てな話。…と言い切って良いのかどうか微妙だけど、まあそんな感じ。いろんな意味で説明が難しいのよ。
 
原作は「春の目覚め」等、不条理演劇の先駆者フランク・ヴェデキントの「ミネハハ」。
「ミネハハ」は『サスペリア』の原作としても知られているけど、本作にホラー要素はない。ルシール・アザリロヴィック監督のオリジナルな解釈によって、原作に近い不条理さも持ちつつ、より幻想的な映画に仕上がっている。
 
女性監督なんで「ロリコン」映画にしたつもりはないんだと思う。映画のラスト近く、この「学校」「卒業」する少女が女性教師に引率されて列車に乗る。少女の「どこへ行くんですか?」という問いに、若い女性教師が「私たちのことなんてすぐに忘れるわよ」と答える。答えになってないじゃん、と思ったけど、なるほどなとも思った印象深いシーンだ。
ここで描かれる「学校」は、リアリズムとファンタジーがごちゃ混ぜになったような空間だが、それこそが「少女時代」なのだろう。6歳から12歳の(第二次性徴を迎える前の)純粋な「少女」としての時間…「男」だの「社会」だのといったものを切り離し、徹底してピュアでINNOCENCE(これが原題)な少女期を象徴したものなのよ。たぶん。「卒業」すれば「すぐに忘れる」時期ね。

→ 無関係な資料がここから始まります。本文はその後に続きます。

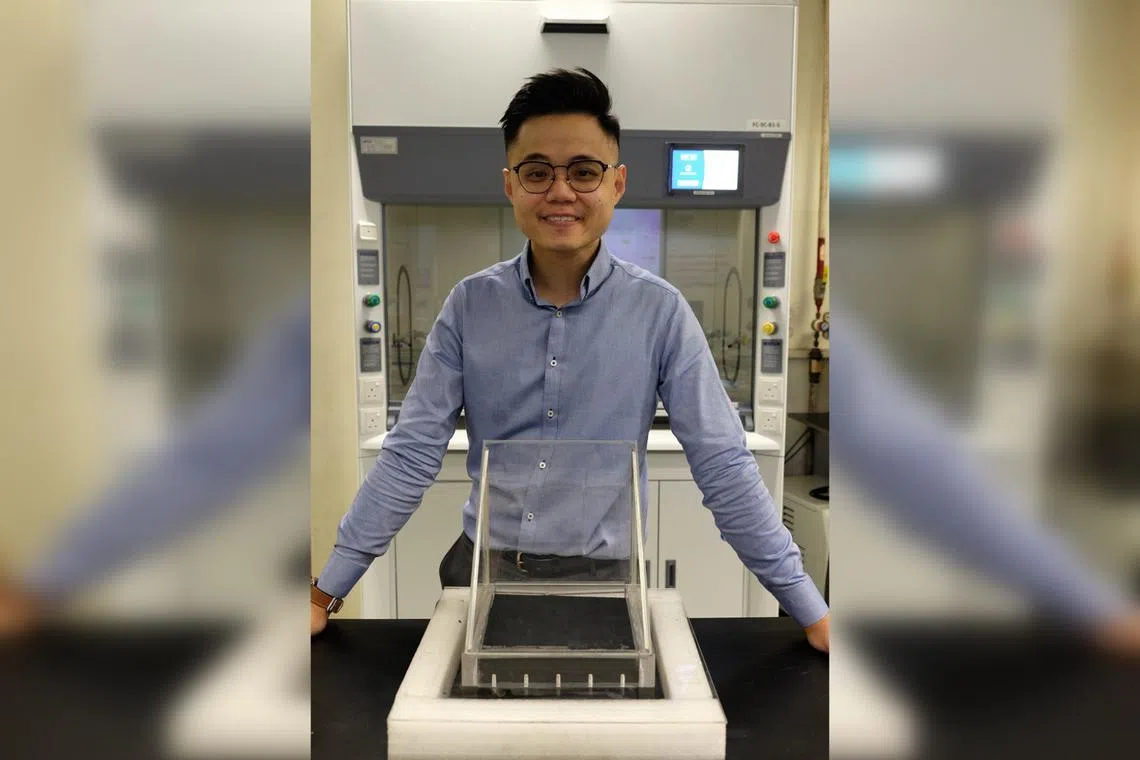 Dr Edison Huixiang Ang with his solar still, which uses MXenes synthesized from plastic waste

このイメージは、おそらく女性のほうが理解しやすいんじゃなかろうか。もしかしたら女性観客は、本作に対して色んな意味で共感(もしくは郷愁に似た感覚)を覚えたりするのかも知れない。本作を「フェミニストの寓話」と評した人もいるし。
 
ただし、男の目には、やはりどこかエロスを感じちゃうのも事実。というかロリコン男どもが観たらタマランだろうなあ、というのが正直な感想でもある。清純さを象徴するような白いブレザーとミニスカート。そんな少女たちを背後からローアングルで狙うカメラは、どう考えても「男」の視線なのだ。たぶんそれだって計算されての映像だとは思うけど、男性客にとってそれはどうしても「覗き見」の感覚を想起させるからね。ロリコンに興味のない俺でも、本作がそうした趣味の男たちを興奮させるであろうことは想像に難くないもの。
 
更に、映画の中盤には、特別な早期卒業を許されるためのダンス・オーディション(?)シーンがある。最上級生ではなく、その一つ手前の(11歳の)少女だけが参加出来るオーディション。校長にダンスを披露し、身体を細かく(うなじの美しさとか)検査され、最優秀の少女が一人だけ選ばる。選ばれた少女は校長に手を引かれてどこかに連れて行かれるのだが、少女がどこに連れて行かれるかは、少女本人を含めて誰も知らない。勿論、飛び級で上の学校に行くのかも知れないし、ほんとにそのまま「卒業」なのかもしれない。素直に観れば、少女期からの脱却に強い欲求を持つ少女は、他の少女より一足先に「大人」になる(=「卒業」)ということなのだろう。でも、これも俺のようなひねくれた男の目からは、少女が行き着く先はどっかの将軍様の「慶び組」とかじゃねえのか…などと想像してしまうのだ(男ってダメね)。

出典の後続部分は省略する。